Work to complete.
Set down the final stretch of the data, from the line that holds "Miniature Australian Shepherd" through the last line, both included, with pictures left out.

Data extracts.
***

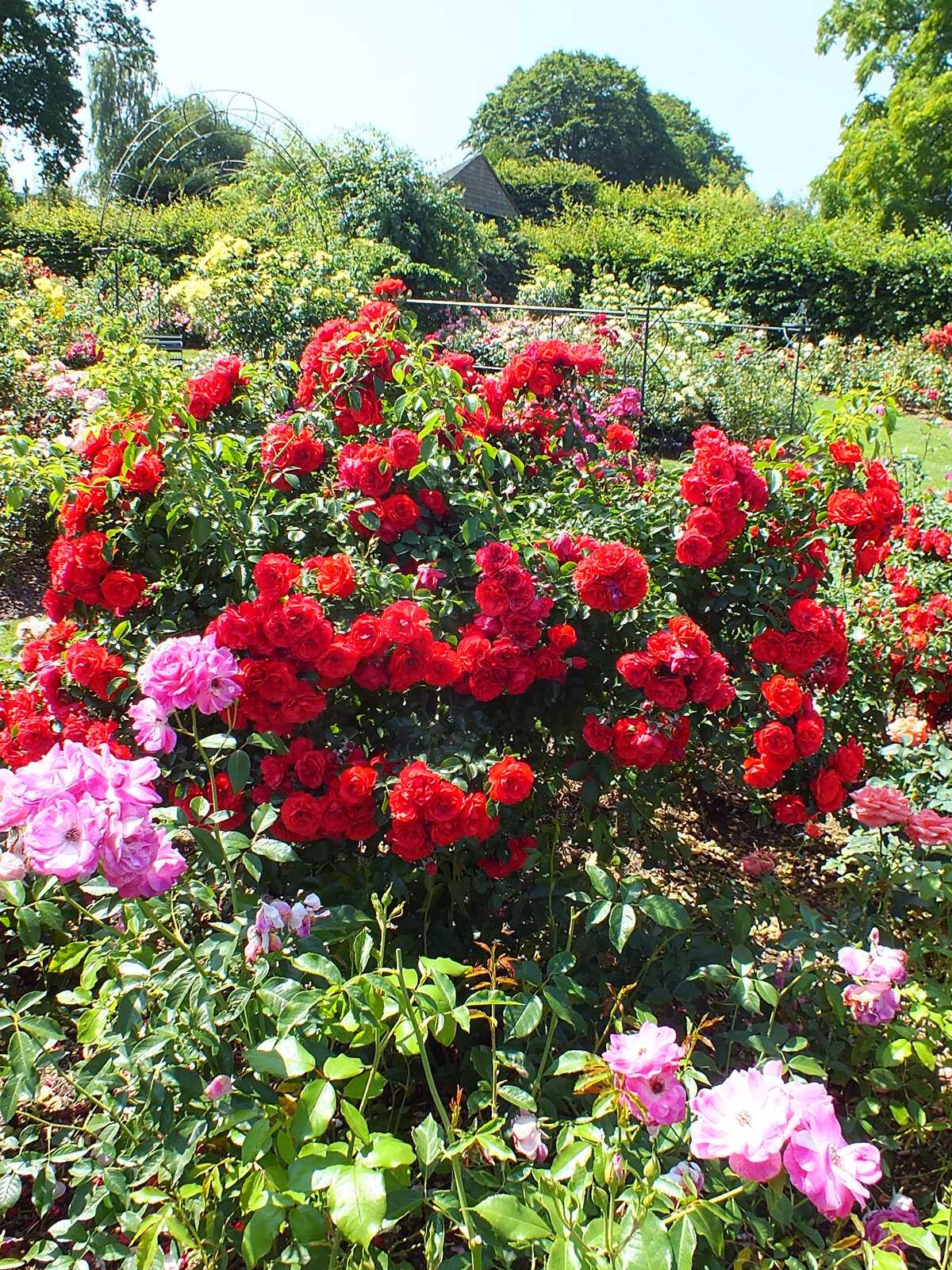 Описание парковых роз: зимостойкие сорта не требующие укрытия, характеристика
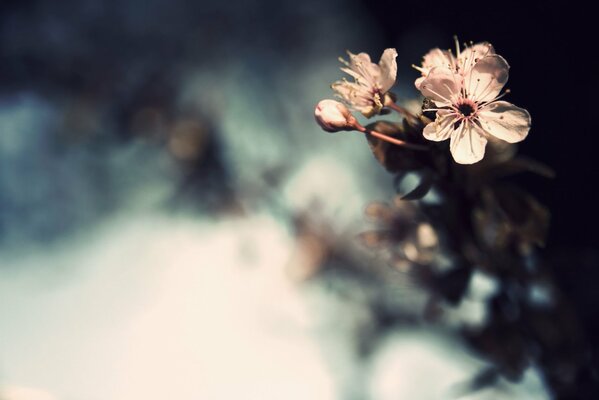 Blooming cherry blossoms on a blurry background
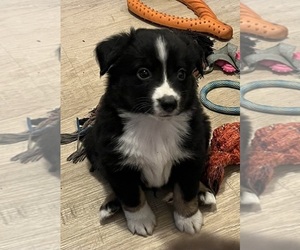 Miniature Australian Shepherd Puppy for sale in FORT MORGAN, CO, USA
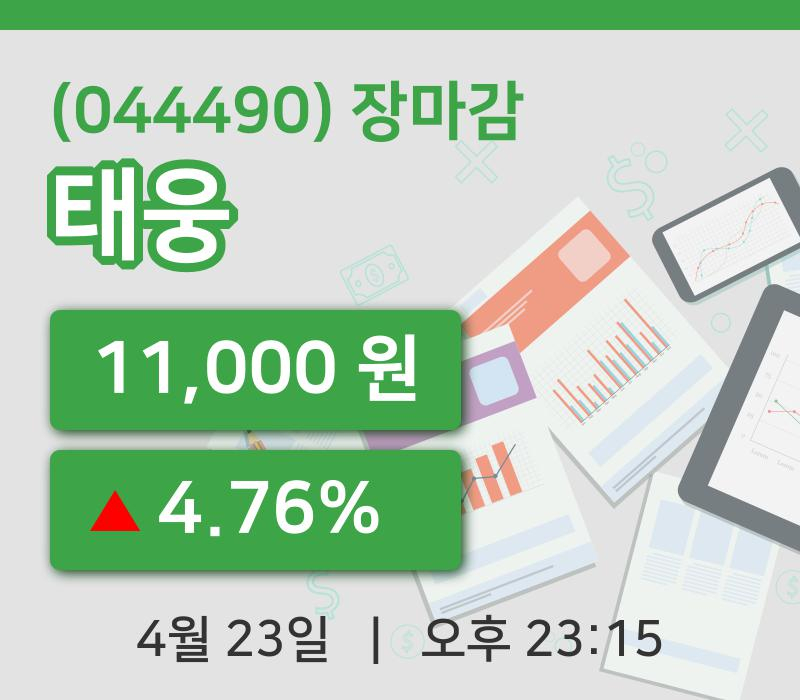 마감증시보고태웅 23일 11,000원 장마감그래프통계 및 분석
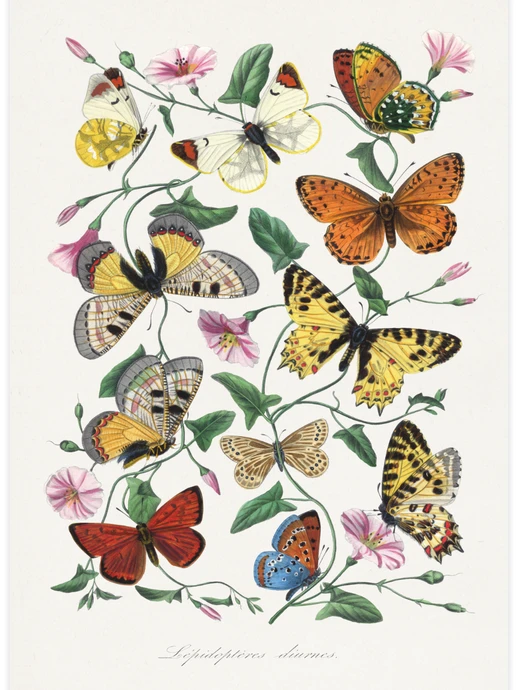 Butterfly and moth painting, Poster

***

The answer.
 Miniature Australian Shepherd Puppy for sale in FORT MORGAN, CO, USA
 마감증시보고태웅 23일 11,000원 장마감그래프통계 및 분석
 Butterfly and moth painting, Poster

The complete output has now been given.